А шанс был так близко, расстилавшиеся перспективы были так манящи! Д., вспоминая, сожалея об упущенном, едва не прокусывал себе палец от досады.
Вот что получается, когда проступаешь в подходящем, казалось бы, по всем статьям Носителе: расслабляешься, доверяешь его земному разуму, расчетливости и умению делать земные дела, отвлекаешься от избранной цели, отклоняешься от пути, указанного путеводной звездой.
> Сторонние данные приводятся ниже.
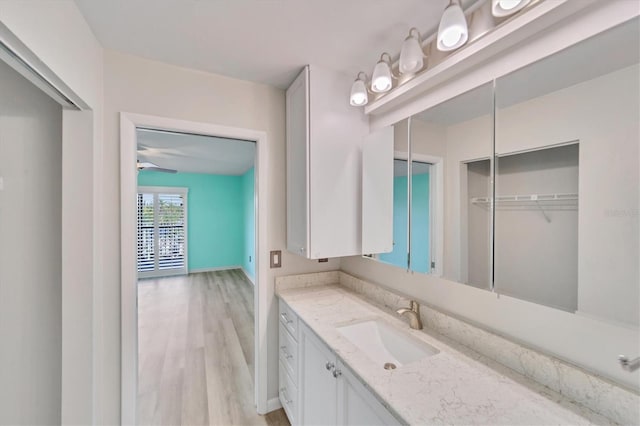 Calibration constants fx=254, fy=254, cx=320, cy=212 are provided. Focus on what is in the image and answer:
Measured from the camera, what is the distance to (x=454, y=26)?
0.98 metres

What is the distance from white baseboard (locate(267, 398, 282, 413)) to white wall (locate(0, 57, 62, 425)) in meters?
1.19

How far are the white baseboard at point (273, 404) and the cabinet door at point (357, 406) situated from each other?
39.5 inches

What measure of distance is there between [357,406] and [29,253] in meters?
1.72

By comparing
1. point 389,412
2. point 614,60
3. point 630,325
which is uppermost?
point 614,60

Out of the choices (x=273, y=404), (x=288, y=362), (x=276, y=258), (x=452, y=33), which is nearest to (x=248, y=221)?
(x=276, y=258)

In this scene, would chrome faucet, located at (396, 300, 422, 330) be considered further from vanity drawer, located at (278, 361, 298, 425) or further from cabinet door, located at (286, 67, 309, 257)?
vanity drawer, located at (278, 361, 298, 425)

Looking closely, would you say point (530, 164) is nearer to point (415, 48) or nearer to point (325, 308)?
point (415, 48)

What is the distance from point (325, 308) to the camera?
161 cm

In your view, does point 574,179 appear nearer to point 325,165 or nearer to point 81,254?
point 325,165

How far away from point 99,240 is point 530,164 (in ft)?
6.88

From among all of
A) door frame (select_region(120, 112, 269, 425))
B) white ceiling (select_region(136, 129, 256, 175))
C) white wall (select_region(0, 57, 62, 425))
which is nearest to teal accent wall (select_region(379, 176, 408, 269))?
door frame (select_region(120, 112, 269, 425))

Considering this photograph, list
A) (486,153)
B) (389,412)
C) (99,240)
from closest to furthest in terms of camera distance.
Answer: (389,412) → (486,153) → (99,240)

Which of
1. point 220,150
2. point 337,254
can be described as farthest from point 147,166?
point 337,254

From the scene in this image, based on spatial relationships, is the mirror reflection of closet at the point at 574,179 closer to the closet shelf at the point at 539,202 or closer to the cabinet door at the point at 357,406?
the closet shelf at the point at 539,202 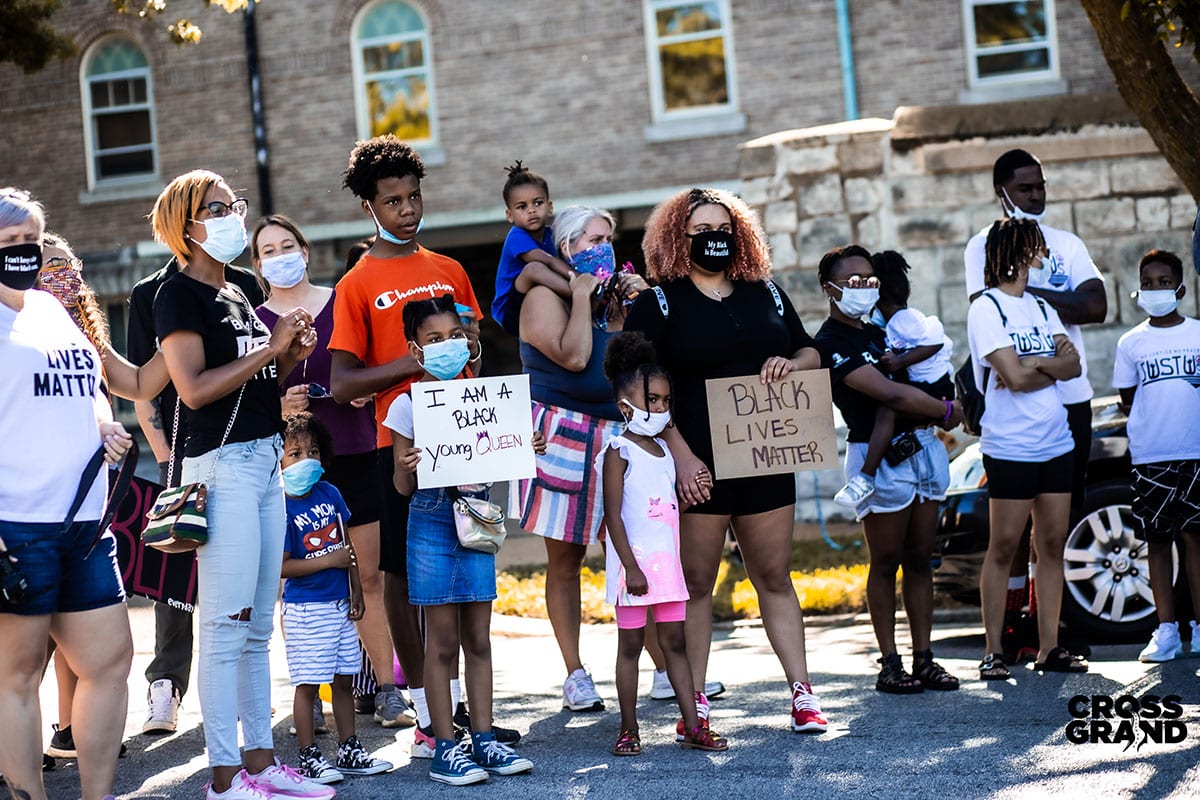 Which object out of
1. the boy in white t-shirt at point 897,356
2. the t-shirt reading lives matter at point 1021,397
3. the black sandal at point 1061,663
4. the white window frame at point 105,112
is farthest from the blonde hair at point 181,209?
the white window frame at point 105,112

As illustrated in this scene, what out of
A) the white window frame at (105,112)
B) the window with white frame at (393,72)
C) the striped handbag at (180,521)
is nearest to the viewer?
the striped handbag at (180,521)

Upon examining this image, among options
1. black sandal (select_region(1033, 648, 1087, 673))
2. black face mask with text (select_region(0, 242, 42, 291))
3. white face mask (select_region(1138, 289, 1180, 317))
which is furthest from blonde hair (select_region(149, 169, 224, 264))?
white face mask (select_region(1138, 289, 1180, 317))

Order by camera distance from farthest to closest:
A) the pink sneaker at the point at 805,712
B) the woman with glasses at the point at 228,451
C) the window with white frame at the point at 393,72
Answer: the window with white frame at the point at 393,72, the pink sneaker at the point at 805,712, the woman with glasses at the point at 228,451

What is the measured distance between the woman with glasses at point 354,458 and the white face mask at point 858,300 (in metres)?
2.14

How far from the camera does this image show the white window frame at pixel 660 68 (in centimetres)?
1880

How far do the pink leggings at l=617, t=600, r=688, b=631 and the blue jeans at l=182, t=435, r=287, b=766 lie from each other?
1317 mm

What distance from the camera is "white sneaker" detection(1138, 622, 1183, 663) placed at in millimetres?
7160

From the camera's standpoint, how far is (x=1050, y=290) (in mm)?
7375

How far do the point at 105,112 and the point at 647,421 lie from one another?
660 inches

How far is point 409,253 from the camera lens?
6.34 m

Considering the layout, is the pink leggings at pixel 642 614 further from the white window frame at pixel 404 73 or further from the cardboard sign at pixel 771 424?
the white window frame at pixel 404 73

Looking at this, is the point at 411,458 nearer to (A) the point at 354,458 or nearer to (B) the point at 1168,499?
(A) the point at 354,458

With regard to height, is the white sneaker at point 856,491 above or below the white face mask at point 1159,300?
below

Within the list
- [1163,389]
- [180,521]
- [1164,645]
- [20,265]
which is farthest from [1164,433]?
[20,265] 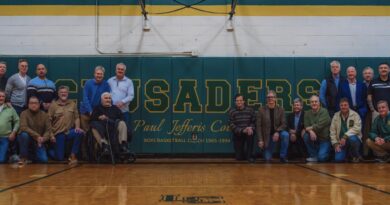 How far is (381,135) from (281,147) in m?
1.49

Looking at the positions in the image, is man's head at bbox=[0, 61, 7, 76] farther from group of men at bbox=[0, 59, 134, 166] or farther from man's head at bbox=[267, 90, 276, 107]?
man's head at bbox=[267, 90, 276, 107]

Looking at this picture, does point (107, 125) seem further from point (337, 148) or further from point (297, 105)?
point (337, 148)

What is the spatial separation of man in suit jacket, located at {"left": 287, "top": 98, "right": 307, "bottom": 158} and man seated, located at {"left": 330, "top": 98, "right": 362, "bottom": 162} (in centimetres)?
53

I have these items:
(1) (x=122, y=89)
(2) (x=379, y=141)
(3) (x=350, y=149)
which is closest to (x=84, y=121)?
(1) (x=122, y=89)

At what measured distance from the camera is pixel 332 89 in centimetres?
836

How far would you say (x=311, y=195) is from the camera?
11.8ft

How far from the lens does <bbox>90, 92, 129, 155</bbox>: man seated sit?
7332 millimetres

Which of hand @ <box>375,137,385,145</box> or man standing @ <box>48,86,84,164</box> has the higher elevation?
man standing @ <box>48,86,84,164</box>

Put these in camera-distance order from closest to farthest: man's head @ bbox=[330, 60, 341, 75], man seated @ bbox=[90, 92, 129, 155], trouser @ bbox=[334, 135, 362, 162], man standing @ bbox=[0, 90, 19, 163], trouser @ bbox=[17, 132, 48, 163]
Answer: man seated @ bbox=[90, 92, 129, 155]
trouser @ bbox=[17, 132, 48, 163]
man standing @ bbox=[0, 90, 19, 163]
trouser @ bbox=[334, 135, 362, 162]
man's head @ bbox=[330, 60, 341, 75]

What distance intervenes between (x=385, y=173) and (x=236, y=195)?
2.59 m

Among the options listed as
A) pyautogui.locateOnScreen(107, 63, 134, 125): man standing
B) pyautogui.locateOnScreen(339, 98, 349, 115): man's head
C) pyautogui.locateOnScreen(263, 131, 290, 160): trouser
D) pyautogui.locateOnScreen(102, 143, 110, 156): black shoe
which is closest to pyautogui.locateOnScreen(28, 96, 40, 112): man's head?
pyautogui.locateOnScreen(107, 63, 134, 125): man standing

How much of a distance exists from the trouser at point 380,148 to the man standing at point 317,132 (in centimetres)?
63

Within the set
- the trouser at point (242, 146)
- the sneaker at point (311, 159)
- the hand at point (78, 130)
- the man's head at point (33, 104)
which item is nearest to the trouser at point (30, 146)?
the man's head at point (33, 104)

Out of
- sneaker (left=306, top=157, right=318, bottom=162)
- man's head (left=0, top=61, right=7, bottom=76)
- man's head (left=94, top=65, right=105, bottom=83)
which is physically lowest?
sneaker (left=306, top=157, right=318, bottom=162) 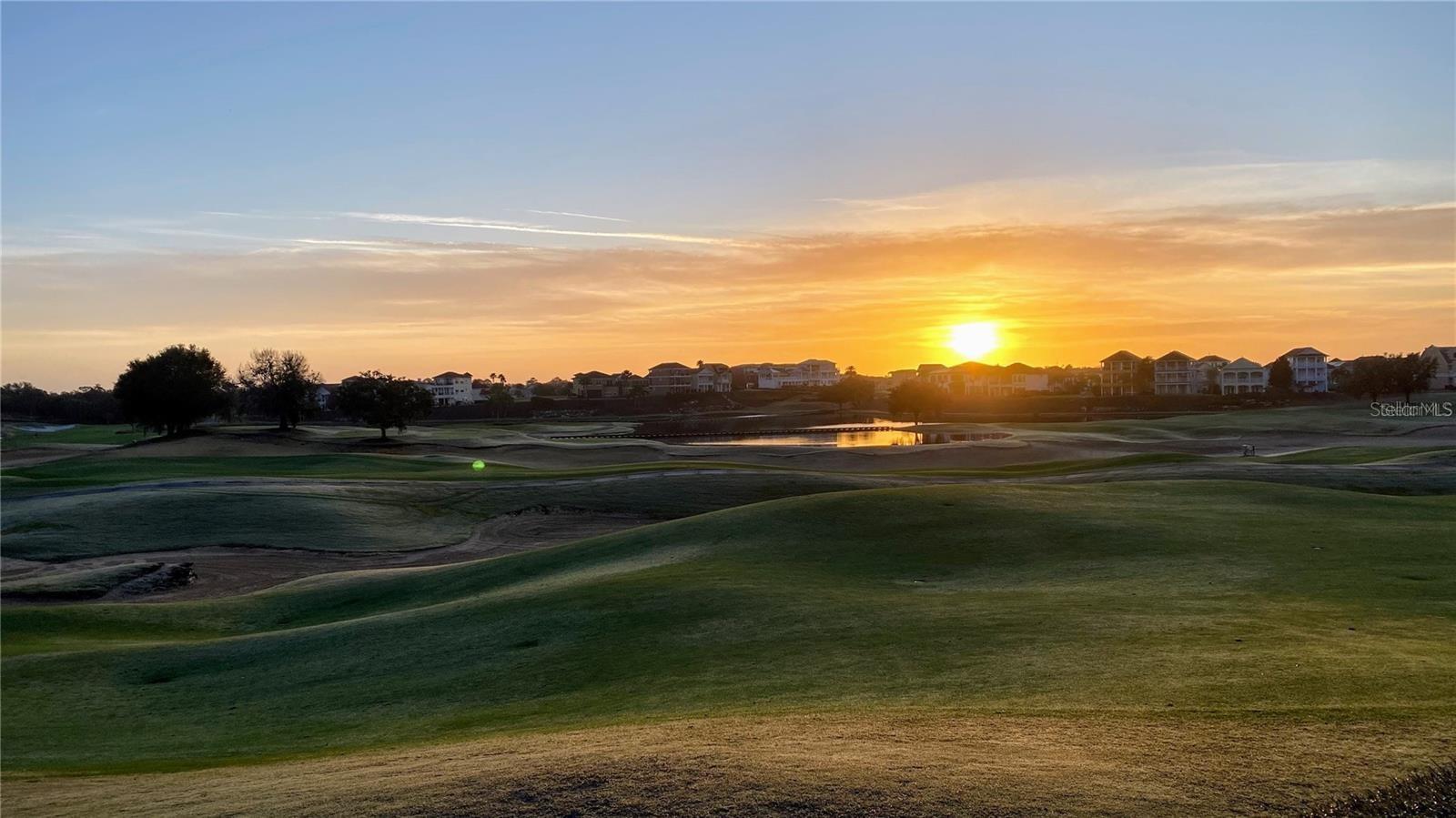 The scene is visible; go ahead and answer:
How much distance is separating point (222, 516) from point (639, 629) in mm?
40439

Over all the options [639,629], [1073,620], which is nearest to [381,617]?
[639,629]

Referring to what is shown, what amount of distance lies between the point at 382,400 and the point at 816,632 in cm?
10620

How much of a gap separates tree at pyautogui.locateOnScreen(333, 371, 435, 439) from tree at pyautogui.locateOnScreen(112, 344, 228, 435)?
553 inches

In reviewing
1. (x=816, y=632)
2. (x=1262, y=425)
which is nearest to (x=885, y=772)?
(x=816, y=632)

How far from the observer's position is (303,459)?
286 feet

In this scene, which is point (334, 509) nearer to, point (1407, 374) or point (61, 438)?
point (61, 438)

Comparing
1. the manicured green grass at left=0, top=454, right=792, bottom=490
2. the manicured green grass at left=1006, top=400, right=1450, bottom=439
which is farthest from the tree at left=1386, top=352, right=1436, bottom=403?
the manicured green grass at left=0, top=454, right=792, bottom=490

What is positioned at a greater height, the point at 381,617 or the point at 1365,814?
the point at 1365,814

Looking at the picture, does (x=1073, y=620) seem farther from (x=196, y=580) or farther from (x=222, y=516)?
(x=222, y=516)

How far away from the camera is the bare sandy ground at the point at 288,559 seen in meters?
41.8

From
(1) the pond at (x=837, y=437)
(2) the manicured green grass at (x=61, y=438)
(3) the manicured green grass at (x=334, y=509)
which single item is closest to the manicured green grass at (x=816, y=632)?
(3) the manicured green grass at (x=334, y=509)

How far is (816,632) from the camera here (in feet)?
64.1

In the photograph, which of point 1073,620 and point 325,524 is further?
point 325,524

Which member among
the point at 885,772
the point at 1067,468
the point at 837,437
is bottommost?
the point at 837,437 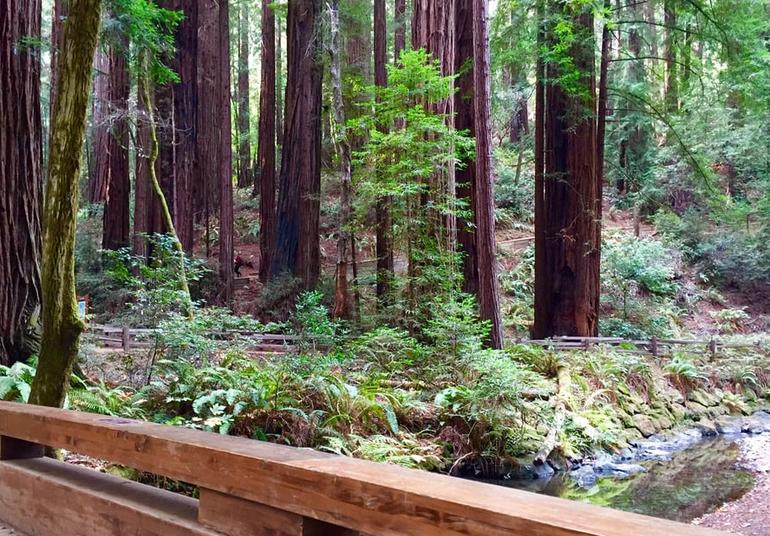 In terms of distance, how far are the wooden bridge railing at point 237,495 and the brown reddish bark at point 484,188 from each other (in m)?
9.21

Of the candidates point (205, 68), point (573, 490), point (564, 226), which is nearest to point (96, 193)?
point (205, 68)

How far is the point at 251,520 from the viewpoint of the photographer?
2635 millimetres

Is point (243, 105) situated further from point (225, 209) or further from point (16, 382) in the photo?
point (16, 382)

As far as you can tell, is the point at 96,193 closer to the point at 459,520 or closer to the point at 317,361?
the point at 317,361

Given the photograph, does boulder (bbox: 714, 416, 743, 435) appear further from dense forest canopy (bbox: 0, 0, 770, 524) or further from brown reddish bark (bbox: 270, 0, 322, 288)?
brown reddish bark (bbox: 270, 0, 322, 288)

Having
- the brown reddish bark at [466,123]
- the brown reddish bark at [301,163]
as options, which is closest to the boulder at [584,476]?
the brown reddish bark at [466,123]

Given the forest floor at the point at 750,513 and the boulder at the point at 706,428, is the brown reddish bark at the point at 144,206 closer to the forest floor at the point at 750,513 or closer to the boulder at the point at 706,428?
the boulder at the point at 706,428

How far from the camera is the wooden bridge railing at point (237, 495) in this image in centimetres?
186

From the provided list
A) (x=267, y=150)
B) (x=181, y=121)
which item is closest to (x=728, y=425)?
(x=267, y=150)

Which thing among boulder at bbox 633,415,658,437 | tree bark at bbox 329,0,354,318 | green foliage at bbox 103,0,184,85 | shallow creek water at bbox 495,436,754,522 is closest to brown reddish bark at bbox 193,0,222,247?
tree bark at bbox 329,0,354,318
Мог бы, мог уже к осени 1873-го проживать в Петербурге – денег хватало, – учить первые слова чужого языка: «карашьо», «пошель вон», «мадам, ви не соскушиль без вашш мушш?». Мог – но жадность сбила его – или месьё Деладьё – с пути, и, вернувшись в свой славный домик, увитый виноградными листьями и обсаженный лимонными деревцами, – аврора уже поэтически позолотила черепичную крышу, розоватый свет играл на оштукатуренных стенах, спугивая ящерок, приманивая виноградных улиток, – он застал управляющего в своей супружеской постели, двухспальной, скрипучей, антикварной, очень недорого приобретенной по случаю в Тулузе.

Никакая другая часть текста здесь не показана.